Lambeth agrees balanced budget – and pledges to protect front-line services

Lambeth Council has agreed a balanced budget for the coming year – and committed to “doing all it can to protect front line services”, in the face of a continuing squeeze in funding from government.

Main post content

Lambeth agrees balanced budget – and pledges to protect front-line services

At a Full Council meeting on Wednesday (28 February), the borough’s councillors approved a budget that laid out the council’s blueprint for dealing with the challenges of “stubbornly high inflation and increasing demands on essential services”, alongside a government funding deal that fell “far short of what Lambeth and councils up and down the country have been calling for”.

The Revenue and Capital Budget 2024/25 to 2028/29 stated that the council would “continue to take every opportunity to support vulnerable people in our communities and deliver on our residents’ priorities”.

But it added: “We must also be honest in our ability to do so in the face of reduced grant funding, rising inflation, and ever-increasing demand on our essential day-to-day services.”

Senior councillors warned in December that this year’s national financial settlement  would only add to the financial restraints imposed on the borough during more than a decade of austerity. Councillor David Amos, Cabinet Member for Finance and Cost of Living, said last month that Lambeth had been facing a funding gap of £38 million over the next four years – but would now need to find an additional £8.7m of savings “unless the government wakes up to the reality we are all facing”.

Word from the Cabinet

Cllr Amos told the Full Council meeting: “We know that our communities face enormous challenges in the years ahead as we deal with the cost-of-living crisis, which has been difficult for people in every corner of Lambeth. We know that local government, right across the country, faces difficult decisions as a result of a funding crisis fourteen years in the making.

“After over a decade of austerity, government forces councils to pass the burden of funding essential local services onto residents by raising Council Tax – rather than provide sustainable, long-term funding.

“We have been on our residents’ side throughout the cost of living crisis. We’ll keep working hard to balance the books and we’ll keep fighting for the fair funding Lambeth needs.”
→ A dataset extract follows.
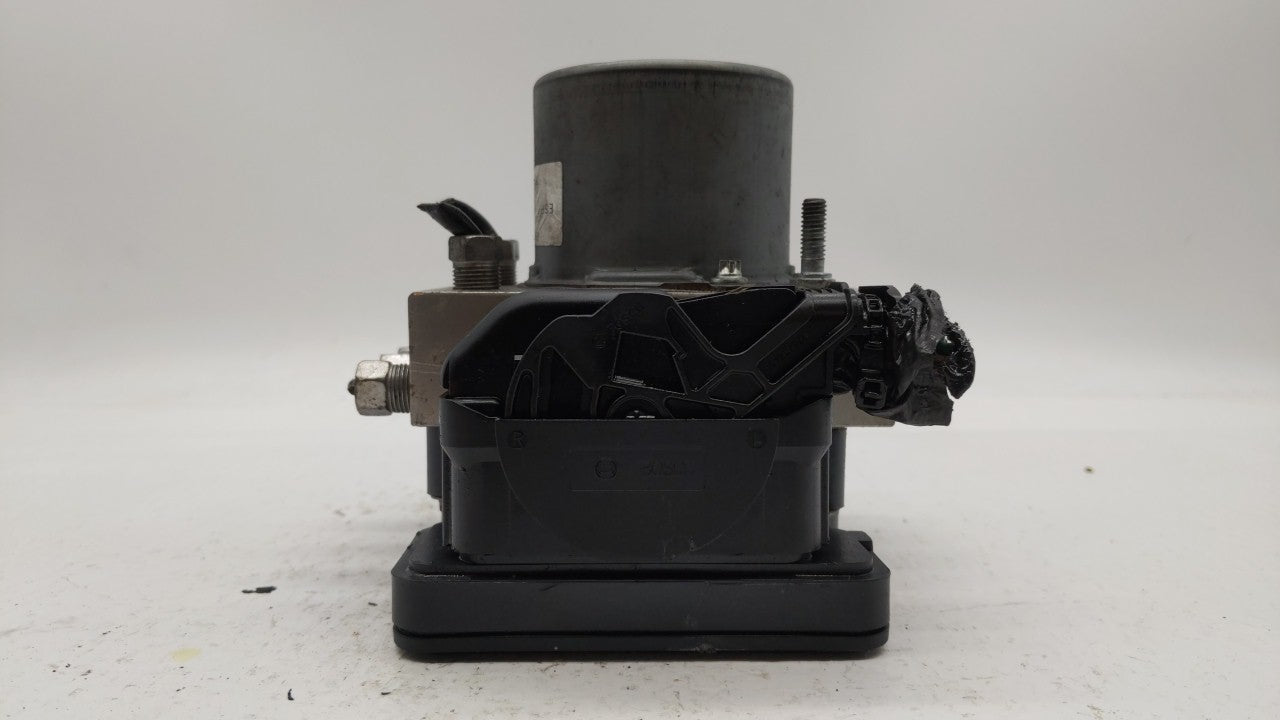 2015-2018 Dodge Grand Caravan ABS Pump Control Module Replacement P/N:P68183803AC 68183803AC Fits Fits 2015 2016 2017 2018 O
Cllr Amos said the council’s work to protect key priorities and support residents, despite the funding restrictions, included:

  • over 9,000 of Lambeth’s most financially precarious residents receiving targeted pay-outs
  • an additional £5.5m brought into the borough through unclaimed benefits and income for residents and schools
  • The Council Tax Support Scheme, reducing the Council Tax bills of over 16,000 households to zero.
  • investing in services to reduce violence against women and girls
  • continuing the council’s effective work to prevent homelessness.

Lambeth Council leader, Cllr Claire Holland, said the cumulative effect of more than a decade of funding restrictions “makes this the most challenging budget I can remember”.
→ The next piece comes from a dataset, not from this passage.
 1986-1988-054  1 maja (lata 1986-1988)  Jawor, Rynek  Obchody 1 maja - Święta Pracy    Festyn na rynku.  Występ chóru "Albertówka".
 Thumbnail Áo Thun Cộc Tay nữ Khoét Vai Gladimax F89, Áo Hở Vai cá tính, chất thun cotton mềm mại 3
She added: “I have spoken to so many councils who face being overwhelmed by pressures, from the demand for temporary accommodation to the increasing number of children requiring care. Make no mistake – local government is at breaking point.

“It is a source of pride to me that despite these national challenges, Lambeth Council has a robust financial position thanks to years of strong management and progressive choices by this administration.”